Accordingly I would hold that where a federal court obtains the presence of a prisoner for pleading or trial by a writ of habeas corpus ad prosequendum issued pursuant to 28 U.S.C. § 2241(c)(5), Art. IV(e) of the Detainers Act has no application.

. I am aware of a line of decisions stemming from the Supreme Court’s decision in Ponzi v. Fessenden, 258 U.S. 254, 42 S.Ct. 309, 66 L.Ed. 607 (1922), expressing or implying the view that compliance with a writ of habeas corpus is a matter of comity. See, e. g., United States v. Oliver, 523 F.2d 253, 258 (2d Cir. 1975); Lunsford v. Hudspeth, 126 F.2d 653 (10th Cir. 1942); Nolan v. United States, 163 F.2d 768 (8th Cir. 1947); United States ex rel. Moses v. Kipp, 232 F.2d 147 (7th Cir. 1956); Crow v. United States, 323 F.2d 888 (8th Cir. 1963); Terlikowski v. United States, 379 F.2d 501 (8th Cir.), cert. denied, 389 U.S. 1008, 88 S.Ct. 569, 19 L.Ed.2d 604 (1967); McDonald v. Ciccone, 409 F.2d 28 (8th Cir. 1969); United States ex rel. Brown v. Malcolm, 350 F.Supp. 496, 499-50 n. 9 (E.D.N.Y.1972). None of these decisions, however, involved a refusal by a state to obey a federal writ. Nor do they discuss the question of whether the Supremacy Clause obligates a state to comply with a federal writ. In many of the cases the statements amount to dicta, since the issue was the prisoner’s standing to object to the writ.
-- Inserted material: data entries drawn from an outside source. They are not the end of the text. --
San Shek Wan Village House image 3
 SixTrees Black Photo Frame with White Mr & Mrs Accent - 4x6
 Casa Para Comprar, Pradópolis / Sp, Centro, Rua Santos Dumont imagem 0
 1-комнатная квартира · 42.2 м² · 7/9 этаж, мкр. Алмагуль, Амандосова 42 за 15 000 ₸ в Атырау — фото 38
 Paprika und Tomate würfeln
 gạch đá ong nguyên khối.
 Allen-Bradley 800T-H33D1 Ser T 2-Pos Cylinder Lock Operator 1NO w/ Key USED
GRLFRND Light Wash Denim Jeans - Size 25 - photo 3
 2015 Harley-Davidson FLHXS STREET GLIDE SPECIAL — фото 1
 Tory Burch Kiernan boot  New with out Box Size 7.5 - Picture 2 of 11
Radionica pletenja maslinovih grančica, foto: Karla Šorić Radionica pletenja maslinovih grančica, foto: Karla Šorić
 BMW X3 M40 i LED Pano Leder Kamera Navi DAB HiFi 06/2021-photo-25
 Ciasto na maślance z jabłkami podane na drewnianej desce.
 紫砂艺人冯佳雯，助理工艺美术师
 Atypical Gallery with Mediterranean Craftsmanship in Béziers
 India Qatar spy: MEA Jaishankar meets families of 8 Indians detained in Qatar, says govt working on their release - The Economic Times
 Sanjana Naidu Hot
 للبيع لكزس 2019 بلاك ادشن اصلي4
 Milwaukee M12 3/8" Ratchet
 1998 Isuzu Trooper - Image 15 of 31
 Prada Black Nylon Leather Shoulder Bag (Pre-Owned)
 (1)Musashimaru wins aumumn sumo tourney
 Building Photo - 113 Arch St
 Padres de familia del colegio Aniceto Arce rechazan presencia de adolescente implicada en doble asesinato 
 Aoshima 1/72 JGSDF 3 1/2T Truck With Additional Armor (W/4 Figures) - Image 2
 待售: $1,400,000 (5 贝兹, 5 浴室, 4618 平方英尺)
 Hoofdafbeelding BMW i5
For these reasons I do not find any inconsistency between these decisions, which recognize the role of comity in securing federal-state cooperation, and a case requiring application of the Supremacy Clause where comity might fail. This issue did not exist in Ponzi for the reason that it involved a state rather than a federal writ and the question was whether the state had jurisdiction to try a prisoner who had been turned over by federal authorities as a matter of comity.